I must confess, many years ago I was dating a woman with an attractive sister. And many times we would have sex while the sister was down the hall in her bedroom, and I would fantasize about the sister walking in, and joining in, in some capacity. But, I NEVER would have EVER verbalized this to my girlfriend, or her sister. That's why its called a fantasy.


----------



## King Ding Dong (Feb 23, 2013)

Pulling the sister card is about as low as degrading a man about his penis size. Way over the line. Run.


----------



## Faithful Wife (Oct 31, 2012)

To the OP: I hope you can hear concern in my writing voice right now, and not judgment. Here goes...

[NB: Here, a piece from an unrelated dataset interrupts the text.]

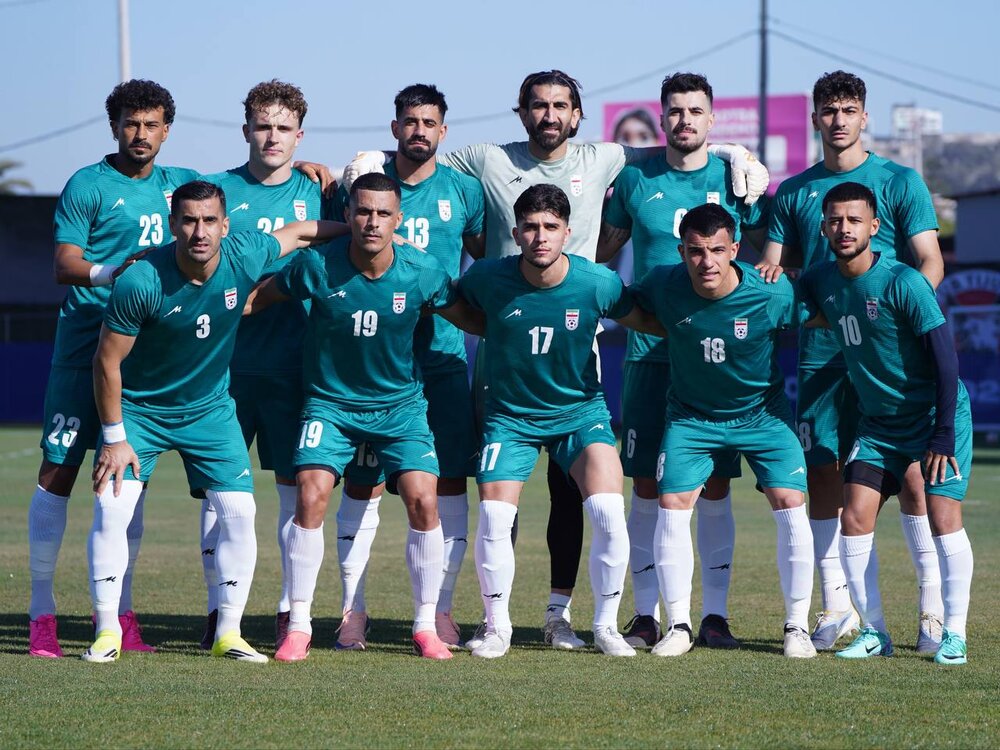 پیروزی تیم ملی فوتبال مقابل جوانان تیخوانا/ علیپور دبل کرد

I think you should check into some counseling to specifically explore why you would have allowed someone to push past all your boundaries in such a way. It is one thing to say "I did this for the sake of our marriage and sex life", but really, there is more to it than that. Explore what is behind the reasons you have not enforced boundaries. Maybe you already know? Possible child sex abuse in your history? Whatever it is, you are not going to have happy, fulfilling sex and relationships until you address it.


----------



## JTL (Dec 14, 2009)

I'm about as dirty as one can be but i've never been into the sister/mother thing. I can get into any other scenario, almost, but incest? No thanks. I don't care if there were 2 Cindy Crawford's (in their prime), i'm not going there. 2nd cousin? Maybe. Sisters? Not a chance, not even in a fantasy.


----------



## Amplexor (Feb 13, 2008)

RandomDude said:


> :smthumbup:
> 
> Kidding? I doubt it
> Who can really say no to having twins in bed?


My wife is a twin and I have never fantasized about her or having both of them in bed. Sorry RD, that's just gross.

I tend to agree that the OP's husband is viewing too much porn and has come to the erroneous conclusion that the over the top amounts of debauchery on the internet are normal.


----------



## MissMe (Feb 26, 2013)

It's clear to me that neither of your needs are being met, and he's manipulated you into thinking hey, maybe it's ok he's chatting up strangers since I'm not giving him what he wants. IS that ok with you? 

YOU deserve better.


----------